**Supplied data:**

————

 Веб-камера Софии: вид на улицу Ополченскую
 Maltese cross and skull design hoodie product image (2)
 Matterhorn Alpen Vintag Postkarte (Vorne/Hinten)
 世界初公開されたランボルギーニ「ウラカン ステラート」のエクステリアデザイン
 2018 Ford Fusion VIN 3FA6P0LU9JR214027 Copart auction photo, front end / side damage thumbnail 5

————

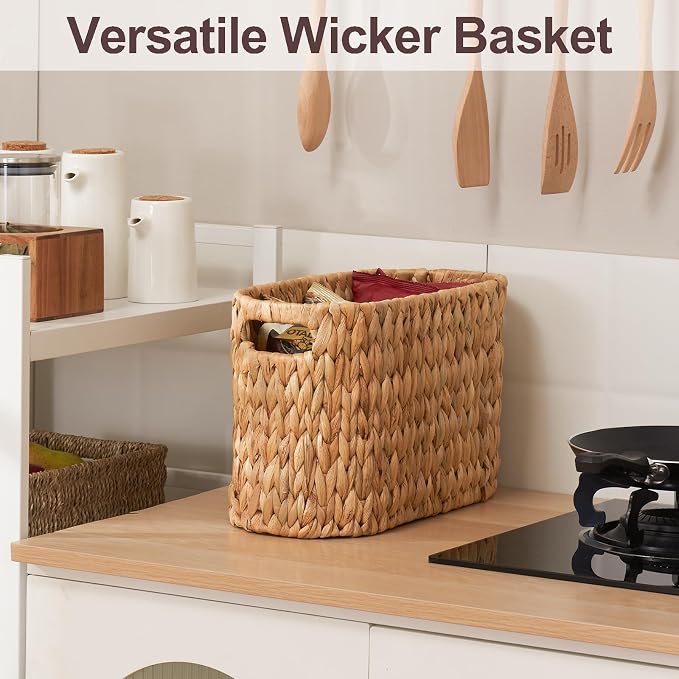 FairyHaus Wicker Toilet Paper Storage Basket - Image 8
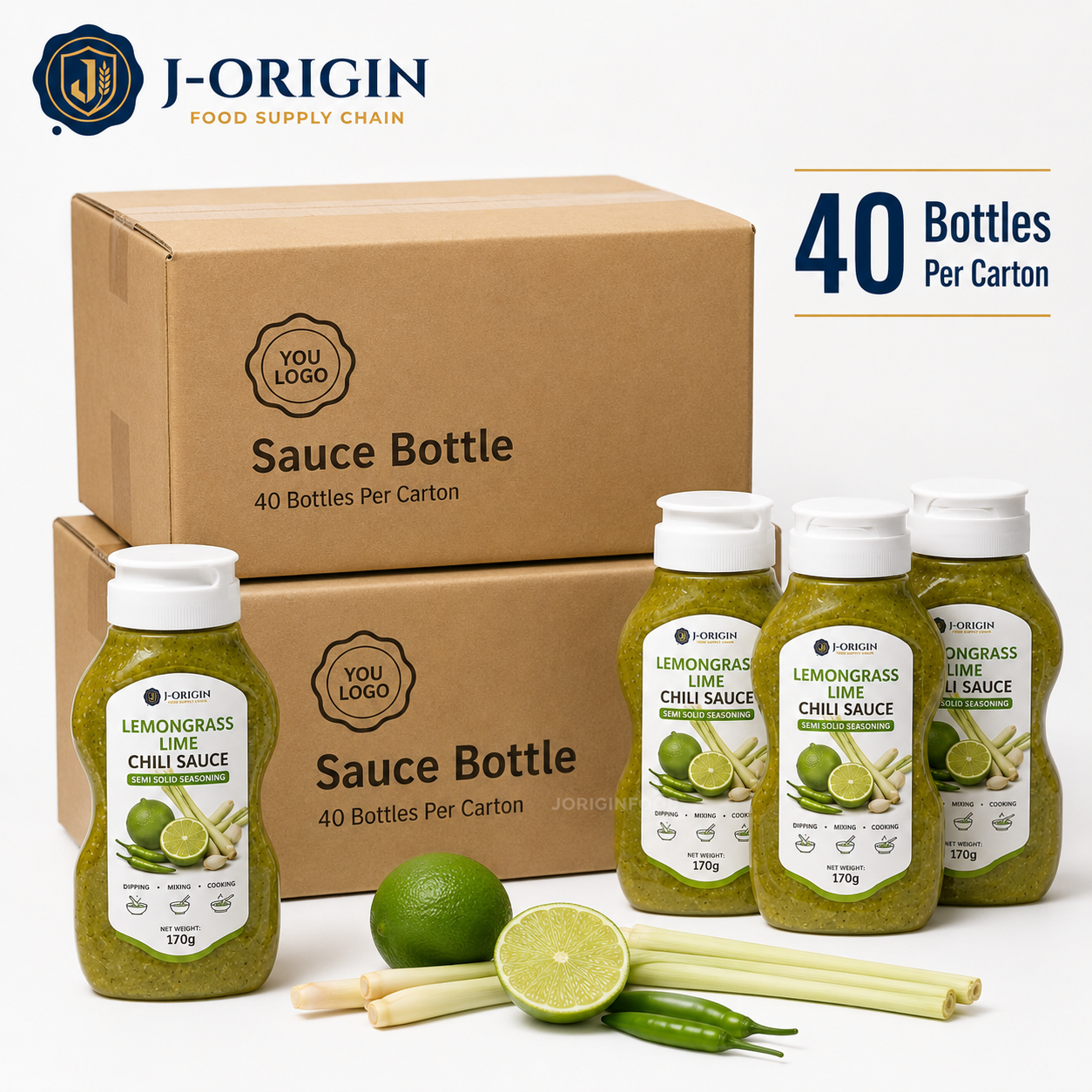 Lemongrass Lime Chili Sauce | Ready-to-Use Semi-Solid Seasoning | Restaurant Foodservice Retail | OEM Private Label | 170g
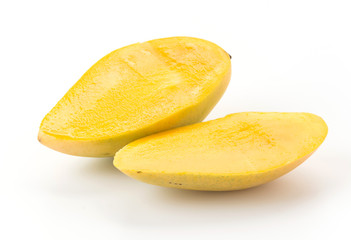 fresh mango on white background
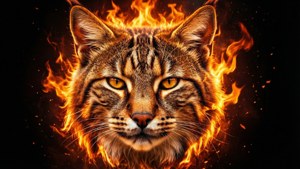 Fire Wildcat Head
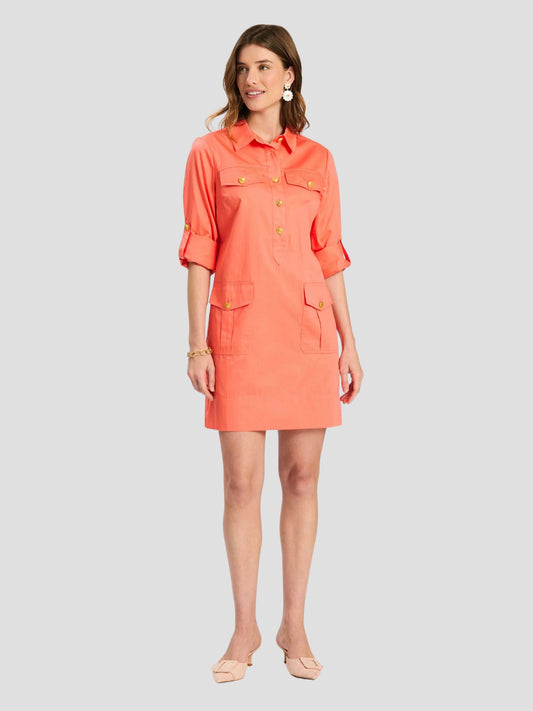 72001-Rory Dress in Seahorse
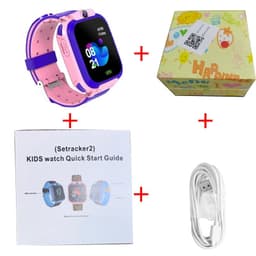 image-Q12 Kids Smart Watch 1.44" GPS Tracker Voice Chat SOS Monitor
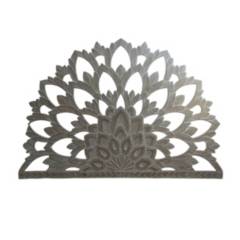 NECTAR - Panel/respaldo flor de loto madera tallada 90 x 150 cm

————

**Requirement:**
Could you transcribe the entries above word for word, from the line with "世界初公開されたランボルギーニ「ウラカン ステラート」のエクステリアデザイン" down to the line with "2018 Ford Fusion", keeping both?

**Response to this exercise:**
 世界初公開されたランボルギーニ「ウラカン ステラート」のエクステリアデザイン
 2018 Ford Fusion VIN 3FA6P0LU9JR214027 Copart auction photo, front end / side damage thumbnail 5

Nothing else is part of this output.